On January 23, 2009, Dow Chemical Company (“Dow”) settled charges with the Federal Trade Commission (“FTC”) in order for its $18.8 million acquisition of rival Rohm & Haas Company (“R&H”) to proceed. Dow agreed to sell a range of assets to an FTC approved buyer and put in place mechanisms to ensure Dow will not have access to competitively sensitive non-public information regarding any businesses the new buyer acquires from Rohm & Haas.
According to the complaint, the proposed acquisition would reduce the competition in relevant markets or the research, development, manufacture, and sale of certain acrylic monomers – including glacial acrylic acid, butyl acrylate, and ethyl acrylate – as well as hollow sphere particles and acrylic latex polymers for traffic paint used to mark lines on streets and highways. Glacial acrylic acid is used in the production of super-absorbent polymers, which are used in personal care and hygiene products. Butyl acrylate and ethyl acrylate are acrylate esters used to make the latex polymers that are used in paints, architectural coatings, and pressure-sensitive adhesives.
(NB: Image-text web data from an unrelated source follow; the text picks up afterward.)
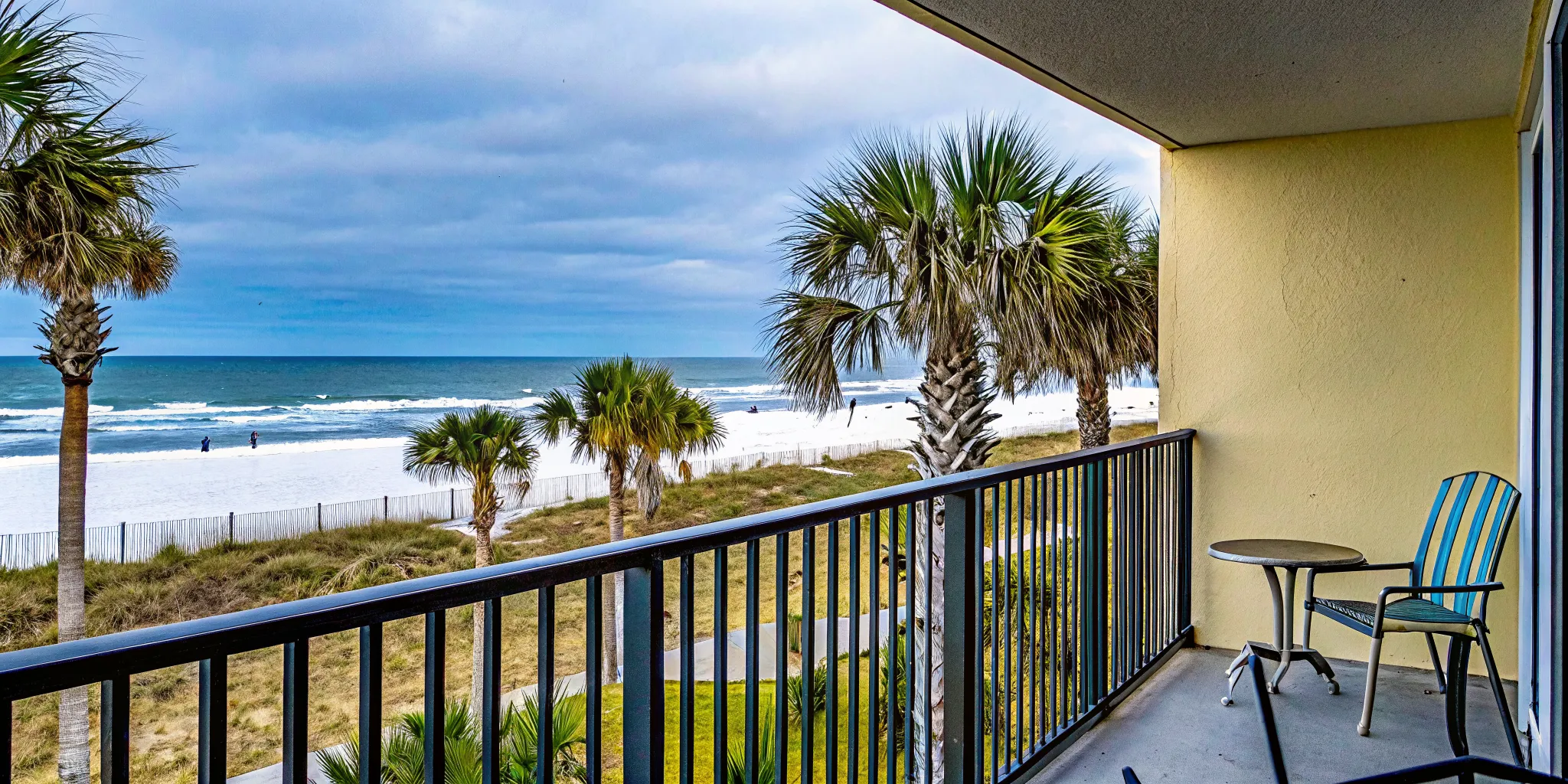 Cozy beachfront condo balcony overlooking a quiet white sand beach in Panama City Beach during a serene winter morning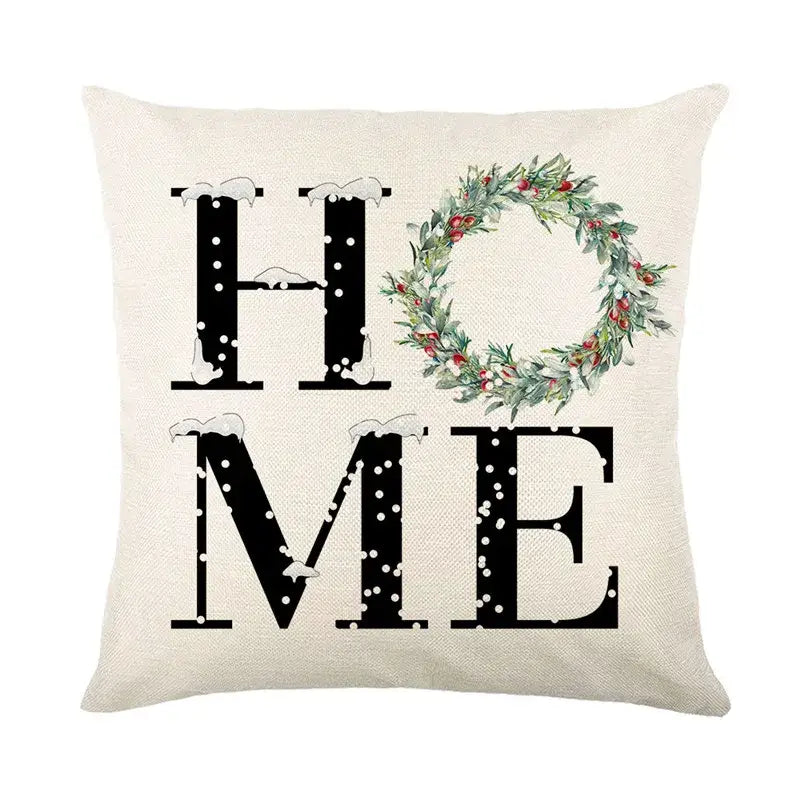 Beige linen pillow cover with black home text and green wreath design from decorbites christmas snow elk collection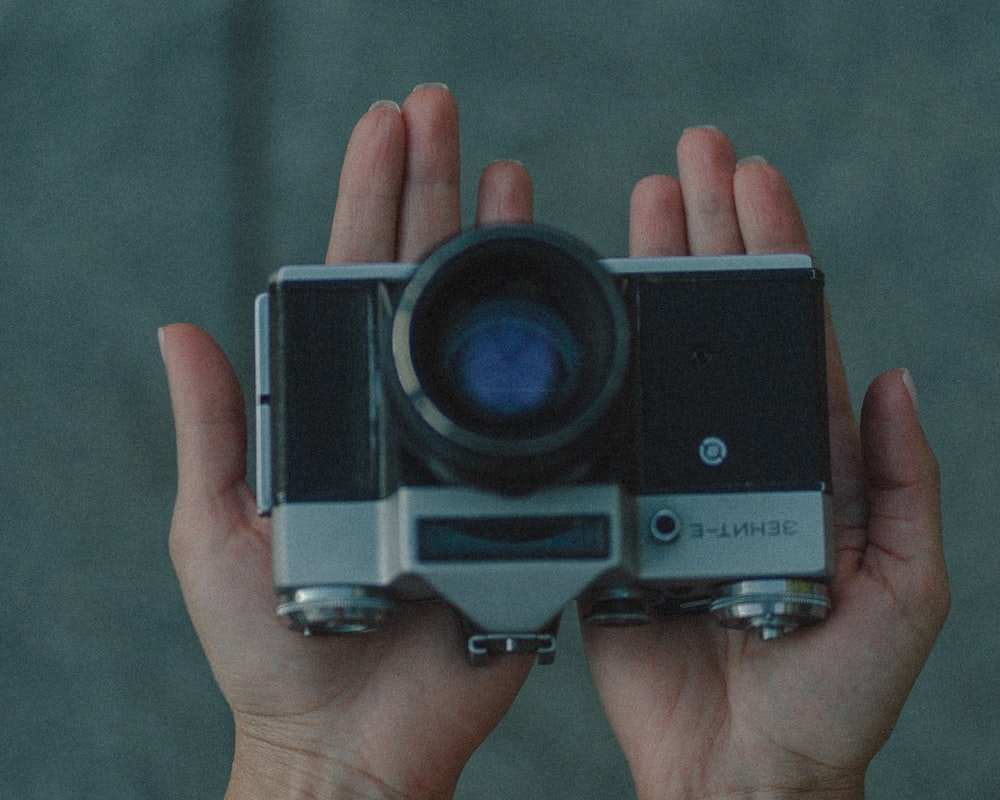 person holding black and silver camera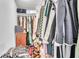 Spacious walk-in closet provides ample storage with hanging racks and shelves for organized living at 2329 Oak Park Way # 204, Orlando, FL 32822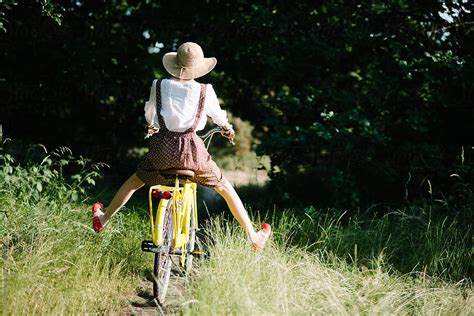 Girl Having Fun While Riding Bicycle In The Country Del Colaborador De Stocksy Kirstin Mckee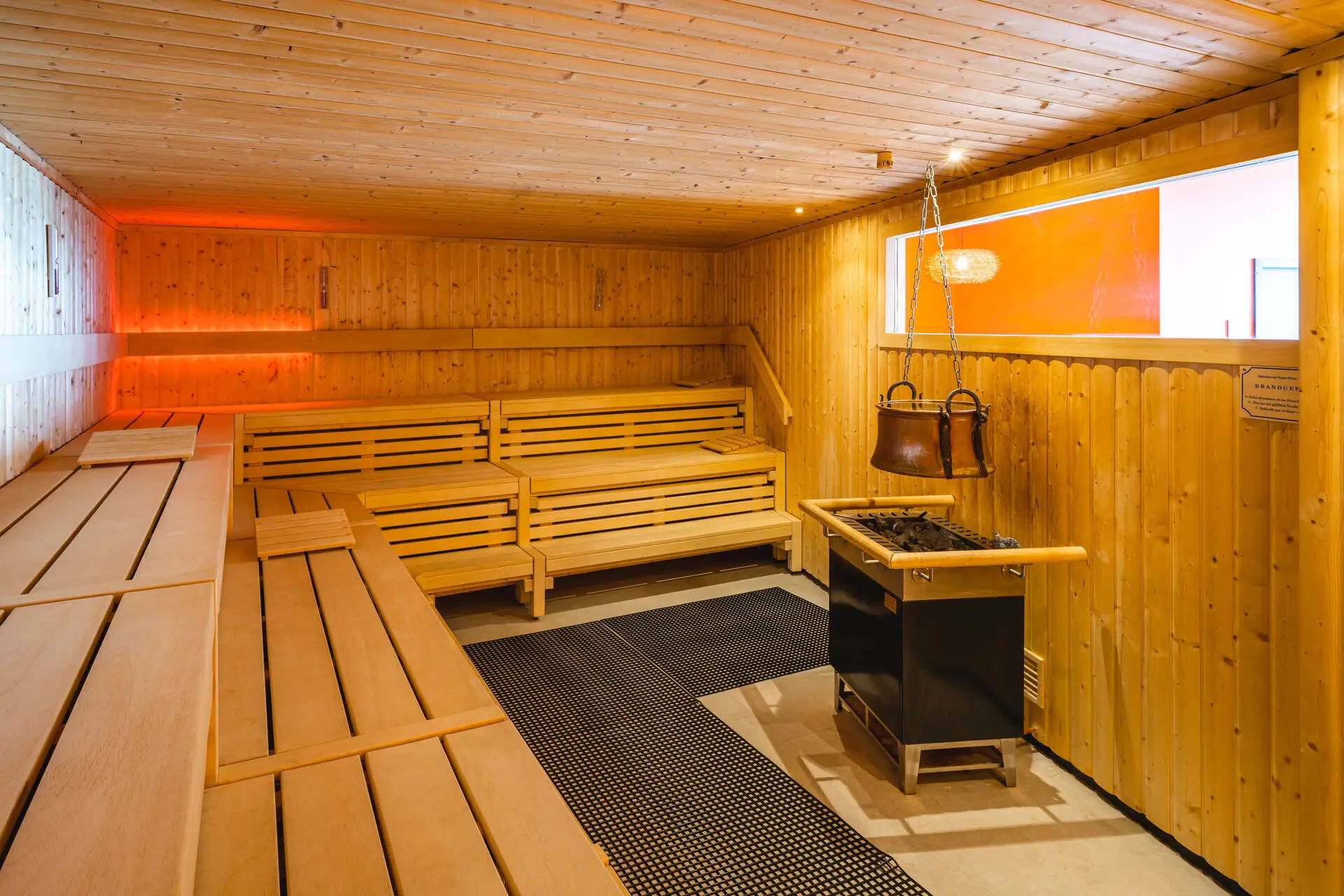 Eine Sauna mit Bänken und einem Ofen.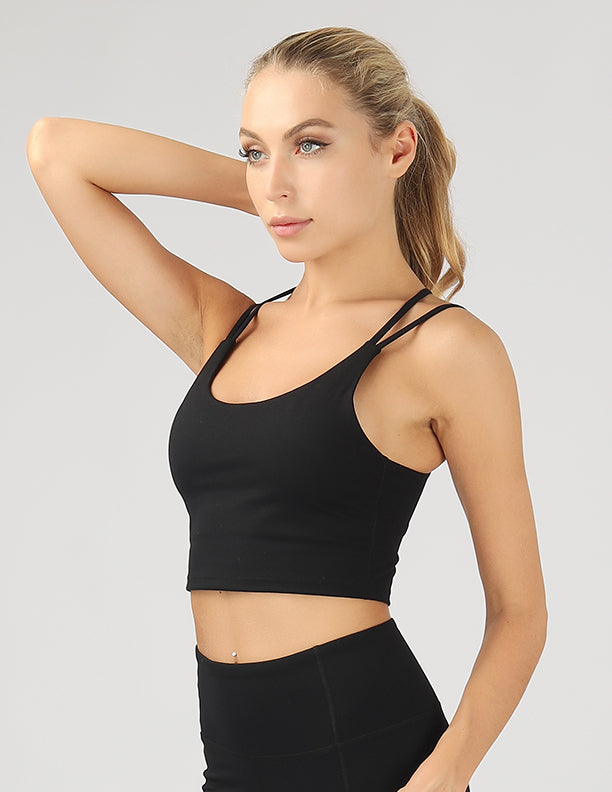 A stylish split shoulder strap crop top featuring a criss-cross back design, made from breathable 4-way stretch fabric.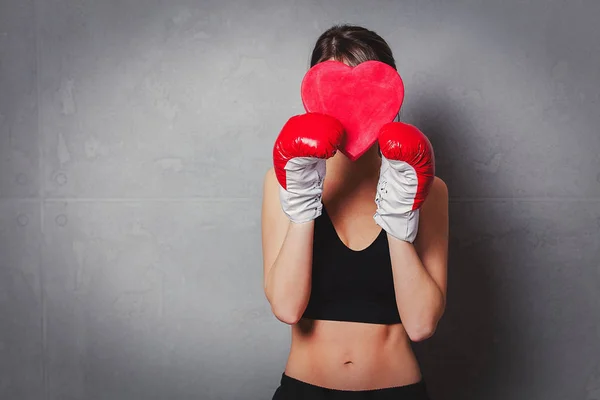 Donna in guantoni da boxe con forma di cuore confezione regalo in mano — Foto Stock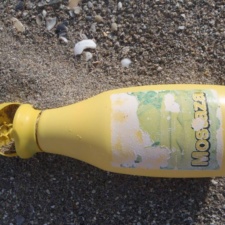 Plastic Pollution Foreign Mustard Bottle polluting beach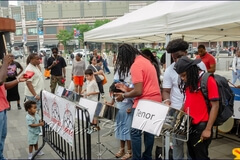 After several minutes in basics, it’s time for the steelpan ‘newbies’ to sound out their first tune, with tutors by their sides, clapping out the beat, while another in front keeps time on the cow bell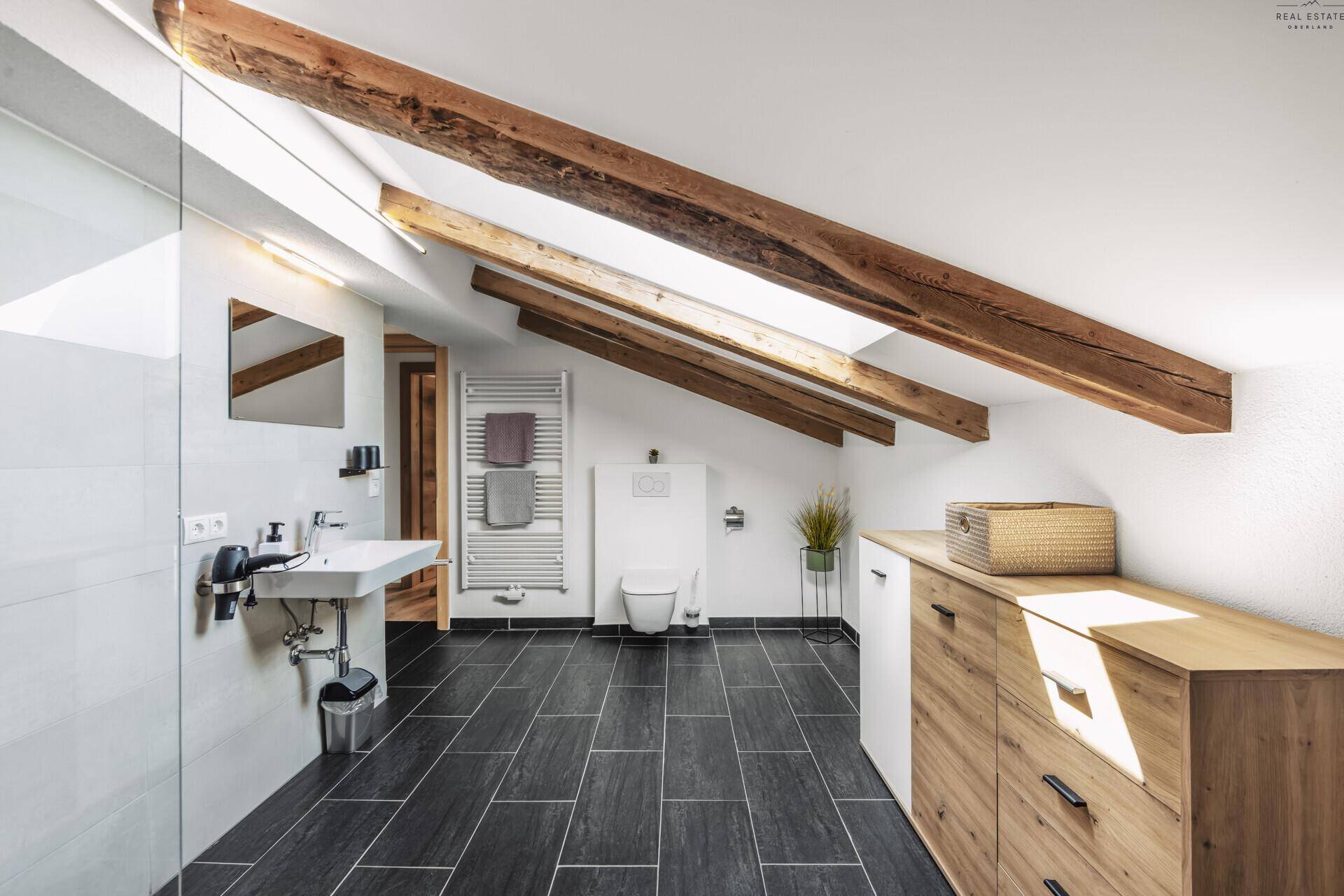 Geräumiges Badezimmer im Dachgeschoss mit begehbarer Dusche, Holzbalken und Dachfenster.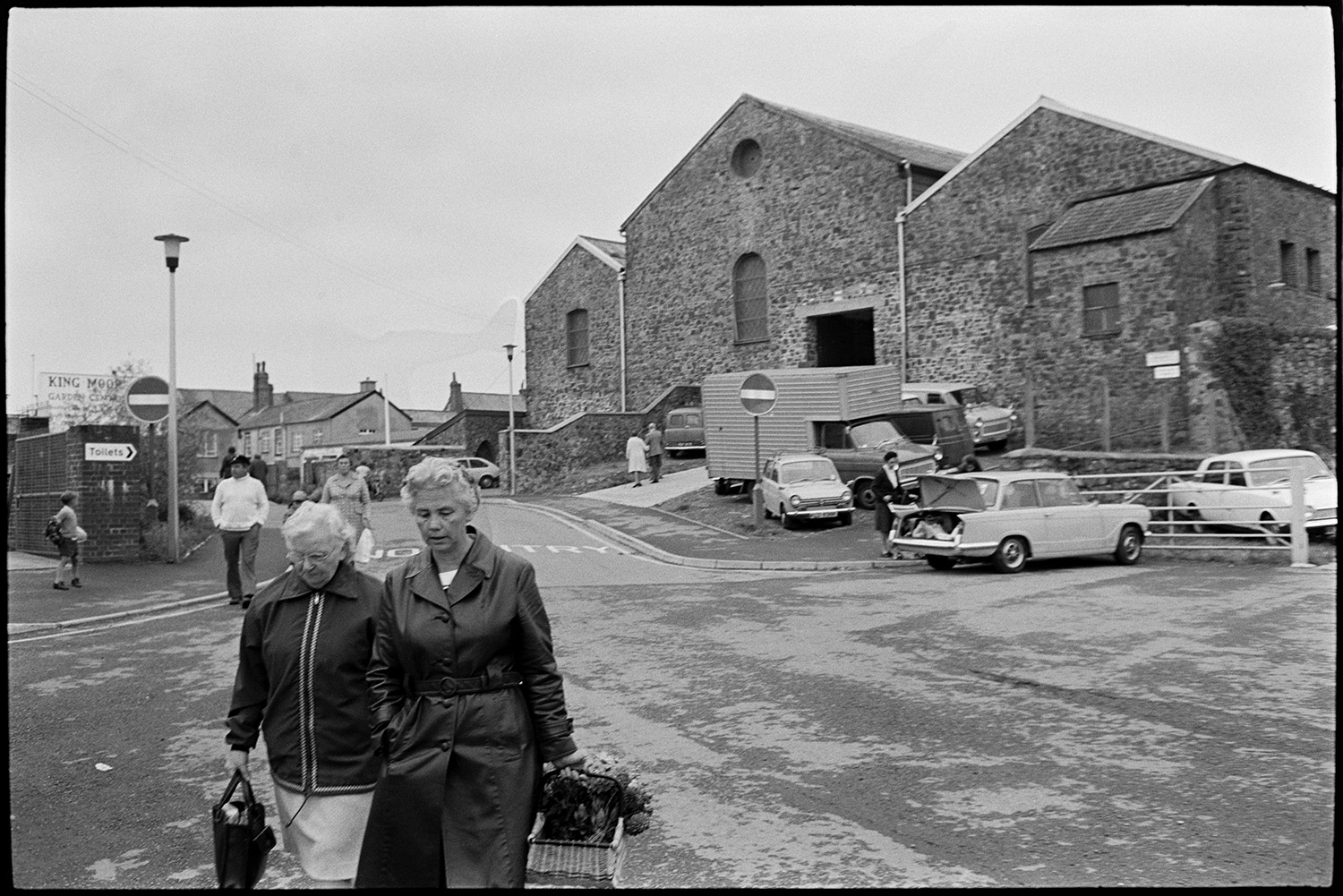 Market scenes. 
[Two women walking away from the back of the South Molton Pannier Market building. They are holding bags with produce they have bought. Various parked cars and a lorry can be seen by the market entrance.]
The FTC believes that each of the relevant product markets is highly concentrated and that the proposed acquisition would lead to fewer competitors in each market. The combined firm would control more than 40 percent of sales in the market for glacial acrylic acid; 75 percent of sales in the market for butyl acrylate; and 90 percent of sales in the market for ethyl acrylate. Dow and Rohm & Haas currently are the only two suppliers of hollow sphere particles and acrylic latex polymer and in those markets the proposed acquisition would be a merger to monopoly.
Dow has agreed to sell the following assets to an FTC approved buyer: 1) its acrylic monomer production facility in Clear Lake, Texas; 2) its acrylic polymer production assets in St. Charles, Louisiana; 3) its acrylic polymer production facility in Alsip, Illinois; 4) its acrylic polymer production facility in Torrance, California; 5) its acrylic monomer research and development group in South Charleston, West Virginia; 6) its acrylic latex polymer research and development group in Cary, North Carolina; and 7) other assets related to these businesses. The consent order, however, requires Dow to provide the FTC approved acquirer with site services to the acrylic polymer production assets in St. Charles, Louisiana. If Dow does not sell these assets, it is required to divest these assets within 240 days of when the consent order is accepted for public comment or 240 days from the acquisition date, whichever is later.
The FTC’s vote to accept the complaint and consent order and place copies on the public record was 4-0.